PROVIDED RECORDS:
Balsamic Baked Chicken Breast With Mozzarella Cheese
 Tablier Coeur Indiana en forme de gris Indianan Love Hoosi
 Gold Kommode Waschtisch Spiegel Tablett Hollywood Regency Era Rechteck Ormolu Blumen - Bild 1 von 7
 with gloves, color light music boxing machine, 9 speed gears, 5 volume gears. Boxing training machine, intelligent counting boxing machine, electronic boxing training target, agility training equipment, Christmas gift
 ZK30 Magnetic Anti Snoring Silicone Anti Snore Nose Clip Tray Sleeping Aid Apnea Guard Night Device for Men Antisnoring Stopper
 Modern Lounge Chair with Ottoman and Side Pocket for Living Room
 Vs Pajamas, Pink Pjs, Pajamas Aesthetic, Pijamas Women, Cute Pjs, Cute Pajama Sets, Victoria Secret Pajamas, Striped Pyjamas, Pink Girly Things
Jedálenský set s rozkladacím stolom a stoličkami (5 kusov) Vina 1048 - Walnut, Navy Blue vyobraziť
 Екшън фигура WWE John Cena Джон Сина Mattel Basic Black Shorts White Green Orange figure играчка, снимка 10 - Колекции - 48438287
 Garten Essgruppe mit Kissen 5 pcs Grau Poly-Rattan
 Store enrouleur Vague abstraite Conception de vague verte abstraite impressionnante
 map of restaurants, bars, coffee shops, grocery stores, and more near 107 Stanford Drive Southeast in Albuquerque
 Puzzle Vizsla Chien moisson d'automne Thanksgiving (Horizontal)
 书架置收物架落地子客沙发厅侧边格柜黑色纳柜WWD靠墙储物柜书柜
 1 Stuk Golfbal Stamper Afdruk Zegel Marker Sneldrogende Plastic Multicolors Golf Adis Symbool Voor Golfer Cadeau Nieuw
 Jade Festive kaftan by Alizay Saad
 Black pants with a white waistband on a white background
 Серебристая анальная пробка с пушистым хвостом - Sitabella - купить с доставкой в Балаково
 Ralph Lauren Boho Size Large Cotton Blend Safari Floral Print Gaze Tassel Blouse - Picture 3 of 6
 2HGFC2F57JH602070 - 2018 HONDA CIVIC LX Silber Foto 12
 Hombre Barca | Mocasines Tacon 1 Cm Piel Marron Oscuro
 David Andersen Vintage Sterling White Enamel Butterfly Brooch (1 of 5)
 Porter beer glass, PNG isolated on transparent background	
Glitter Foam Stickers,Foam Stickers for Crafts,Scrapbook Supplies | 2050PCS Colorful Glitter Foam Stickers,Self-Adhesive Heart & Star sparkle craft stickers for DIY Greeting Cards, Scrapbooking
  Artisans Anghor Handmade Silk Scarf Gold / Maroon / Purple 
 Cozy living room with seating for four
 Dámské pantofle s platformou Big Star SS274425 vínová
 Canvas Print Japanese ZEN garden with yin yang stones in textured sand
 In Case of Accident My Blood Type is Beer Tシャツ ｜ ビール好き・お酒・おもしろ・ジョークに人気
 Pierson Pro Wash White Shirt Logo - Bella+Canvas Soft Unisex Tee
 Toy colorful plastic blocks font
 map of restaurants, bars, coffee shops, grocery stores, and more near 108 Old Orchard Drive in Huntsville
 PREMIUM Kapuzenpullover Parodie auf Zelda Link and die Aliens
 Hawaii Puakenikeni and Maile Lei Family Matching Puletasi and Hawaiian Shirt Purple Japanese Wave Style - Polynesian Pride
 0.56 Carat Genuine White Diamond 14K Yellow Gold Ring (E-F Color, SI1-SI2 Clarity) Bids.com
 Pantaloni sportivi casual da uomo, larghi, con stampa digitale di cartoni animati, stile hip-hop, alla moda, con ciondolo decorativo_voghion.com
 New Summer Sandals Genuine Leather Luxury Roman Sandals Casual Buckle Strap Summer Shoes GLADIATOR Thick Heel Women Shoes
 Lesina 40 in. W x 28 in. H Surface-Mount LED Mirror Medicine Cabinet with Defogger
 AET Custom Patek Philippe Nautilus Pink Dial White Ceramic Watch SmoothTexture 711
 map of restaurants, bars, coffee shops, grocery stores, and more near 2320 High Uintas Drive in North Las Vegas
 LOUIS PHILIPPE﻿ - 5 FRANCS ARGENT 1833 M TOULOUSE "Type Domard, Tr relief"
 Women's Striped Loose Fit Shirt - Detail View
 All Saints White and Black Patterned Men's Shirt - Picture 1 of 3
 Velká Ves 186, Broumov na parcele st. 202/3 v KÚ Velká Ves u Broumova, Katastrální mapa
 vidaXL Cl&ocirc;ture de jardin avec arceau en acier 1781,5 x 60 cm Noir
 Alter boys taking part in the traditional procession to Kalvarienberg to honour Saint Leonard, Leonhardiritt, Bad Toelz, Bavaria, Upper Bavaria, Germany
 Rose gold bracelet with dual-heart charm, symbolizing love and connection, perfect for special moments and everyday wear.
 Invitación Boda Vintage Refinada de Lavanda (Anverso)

WHAT THE TASK ASKS: Each line above that contains the word "Striped" should be returned.

TASK RESULT:
 Vs Pajamas, Pink Pjs, Pajamas Aesthetic, Pijamas Women, Cute Pjs, Cute Pajama Sets, Victoria Secret Pajamas, Striped Pyjamas, Pink Girly Things
 Women's Striped Loose Fit Shirt - Detail View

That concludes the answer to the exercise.